Apr 19, 2013

Graphic Novel Review

Books are where it's at, especially books with pictures! Here are some good ones to check out. Remember, art is not created in a vacuum. Read every day! Graphic novels, books, blogs...all of these sources help your development as an artist and a person. Note: more books will be added to this post in the very near future.

This is a great anthology of the lifetime work of Charles Schultz, who, obviously, is famous for Peanuts, arguably the most popular and widely distributed comic strip in history. This book traces the history of Schultz' work, from his sketches made when he was drafted into the military, his first comic strip called L'il Folks, which would evolve into Peanuts, featuring Charlie Brown, Linus, Lucy, Snoopy, Schroeder, Violet and Sherman.

The characters were very different when Schultz began drawing them, with larger heads, giving them a more babyish look, and with different personalities than the ones we are familiar with now. Lucy was originally a zombie-eyed tot who was good at sports and taken care of by Charlie Brown, and Snoopy didn't have any thoughts or the rich fantasy life he eventually discovered. 

Here's a look at what the early Peanuts strip looked liked, from the 1950s:

One hallmark of Peanuts was the lack of any adults in the strip. All the stories were told from the height of the characters, leaving the adults, even the teachers, unseen. Below is a very rare example of adults appearing in a Peanuts strip. Schultz discarded the idea of adults in the strip immediately.

Peanuts - The Art of Charles Schultz is chock-full of interesting photographs, scans of early strips and trivia. We learn who the woman was who was the inspiration for the red-haired girl, Schultz' thoughts about his creations, and how his strips have affected popular culture. It took years before Peanuts began to be popular with the American public.

Peanuts has never been a hilarious, knee-slapping kind of comic strip; the gags were always subtle and low key, and read today, they seem flat and devoid of the sharp humor that we are surrounded with today. The humor in the 50s was much less in-your-face than today's humor (contrast Peanuts with Calvin and Hobbes). I've never laughed out loud when reading Peanuts.

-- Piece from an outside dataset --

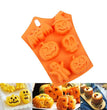 Halloween Pumpkin Cakes Silicone Mold Bald Cake Cake Chocolate Mold Jelly Mold Decorations 23 X 16.5 X 3cm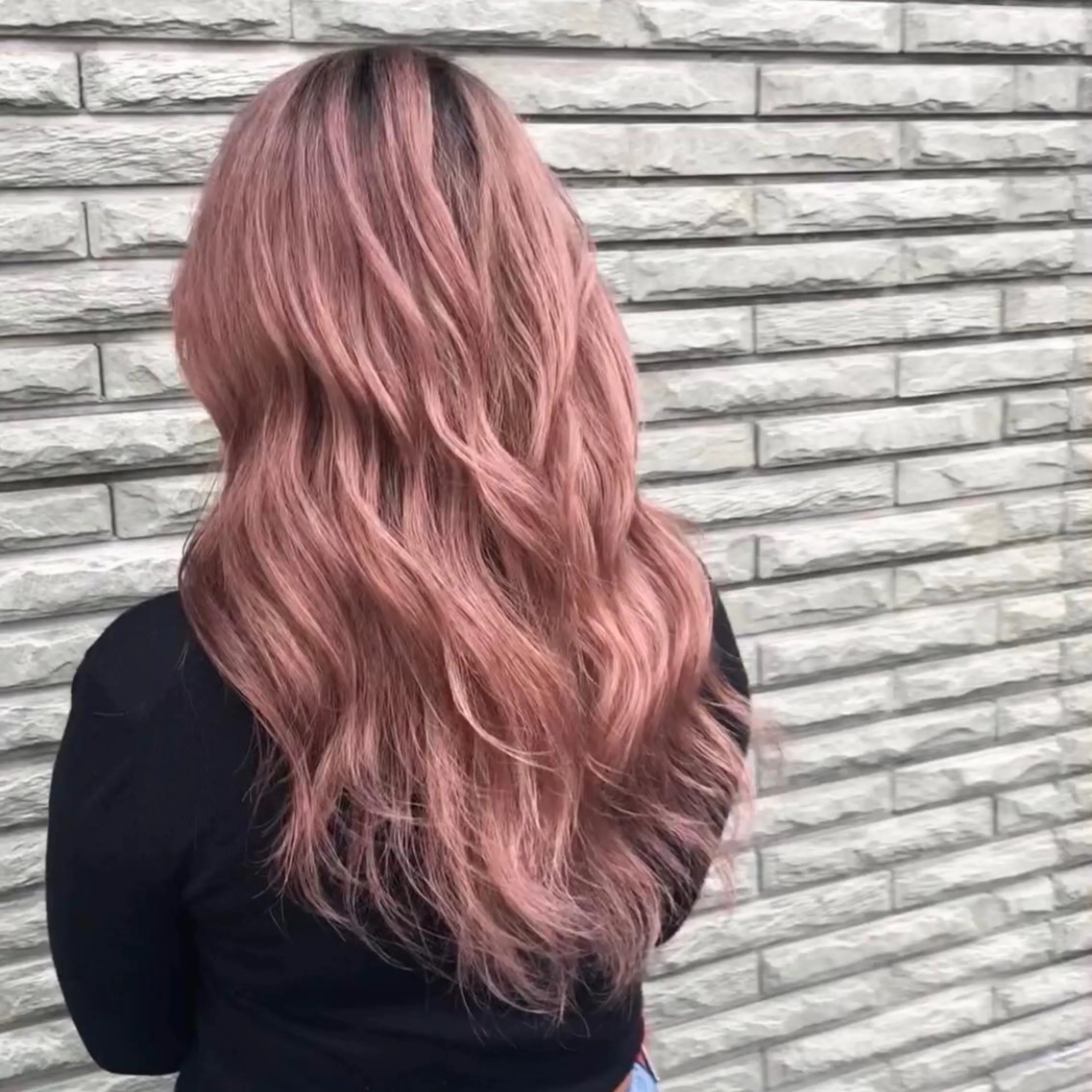 セミロング カラー ヘアアレンジ ショートボブ シールエクステ バレイヤージュ デザインカラー ハイライトカラー アンドウ ユウ/ レイヤーカット/韓国のヘアスタイル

The strips were entertaining, but devoid of hilarity.

There is no denying the immense cultural impact of Peanuts, however; its characters have been used to shill everything from cars, to snack cakes, to cereal to life insurance, a practice that Schultz did not object to, seeing the strip as a way to sell more papers. The relentless use of Peanuts characters has indeed cheapened the strip, and sapped it of its creative impact, turning the characters into marketing tools. Besides marketing, there were Peanuts merchandise galore: toys, games, licensed comic books, school supplies, stuffed animals, appliances, calendars, greeting cards, housewares, clothing, even telephones and pencil sharpeners. If there was a way to profit from Peanuts, it has been done.

Below are some examples of early Peanuts advertising:

Peanuts remains a icon of a particular era, and reading Peanuts today is an act of nostalgia, a revisiting a genre of comics from an earlier, more innocent age. Perhaps that is what gives Peanuts its enduring charm.

This is great stuff, and unbelievably  these fantastic sketches, over five thousand of them, were sitting in a shed, neglected and exposed to rodents, moisture and even rusty paperclips. 

Cartoonist and editor James Sturm discovered this amazing cache from Wortman's son, and set about rescuing and publishing these amazing sketches.

Wortman was an artist who created over nine thousand drawings for the publication  Metropolitan Movies, as well as for other magazines such as The Saturday Evening Post, Life, and The New Yorker. 

These sketches capture New York in the 1930s and 1940s with a captivating flair, style and authenticity. The little details in each drawing, such as the signs, prices and buildings, offer a glimpse of what New York was like back then. 

Worthman took many pictures from which he created these illustrations; some of them are included in the back of this book.

You could do a lot worse than to have this incredible collection on your bookshelf as an inspiration in charcoal sketching. This is some of the best I've seen.

This omnibus by Raicht, Smith and Wilson is a dark fantasy tale about the Boogeyman and the dark closet. During Word War 2, a little boy sleeps in bed, until he is awakened by the Boogeyman, who snatches him and takes him to his dark realm in the depths of the boy's closet, a land of dark dreams and nightmares.

The little boy's toys join together to do the unthinkable: enter the closet and confront the Boogeyman's forces in order to get the boy back unharmed. This is a grim tale, a nightmarish version of Toy Story in which bad things happen. The art is dark and sepia-toned, appropriate for the surreal story line. 

This one may keep you awake at night.